World Bulletin / News Desk
Egyptian President Abdel-Fattah al-Sisi on Wednesday pardoned two Al Jazeera journalists who had been slapped with jail terms earlier this month for “spreading false news”.
Mohamed Fahmi and Baher Mohamed were both pardoned by a presidential decree, along with scores of other activists jailed for violating Egypt’s anti-protest law.
Fahmi – a Canadian national who has renounced his Egyptian citizenship – and Mohamed were both slapped with three-year jail terms earlier this month after being convicted of “spreading false news” and having links to the outlawed Muslim Brotherhood group.
A third Al Jazeera reporter – Australian Peter Greste, who was deported to his home country in January – was also sentenced to three years in jail on a similar raft of charges.
Mohamed was given an additional six months – and slapped with a monetary fine – for having been found in possession of “a spent bullet casing”.

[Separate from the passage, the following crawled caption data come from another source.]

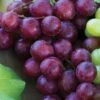 Grape, Reliance Seedless 2 Grape, Reliance Seedless -Plant Seed Store prod000521 main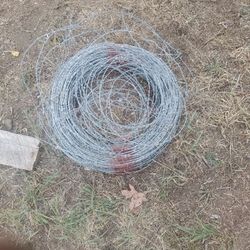 Barb Wire 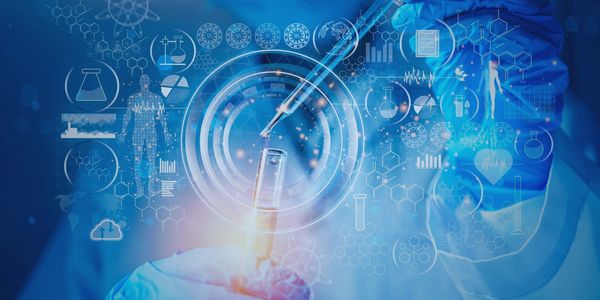 Laboratory Analysis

The three reporters were originally detained in Cairo in 2013 shortly after the Egyptian authorities branded the Brotherhood – the group from which former President Mohamed Morsi hails – a “terrorist” organization.
A number of western governments and rights groups had called for the journalists' release amid an international solidarity campaign led by Al Jazeera.
The Egyptian government accuses Qatar-based Al Jazeera of harboring bias in favor of the Muslim Brotherhood – an allegation the channel denies.
For the last two years, relations between Cairo and Doha have been tense due to the latter's criticisms of Morsi's ouster by the military in mid-2013.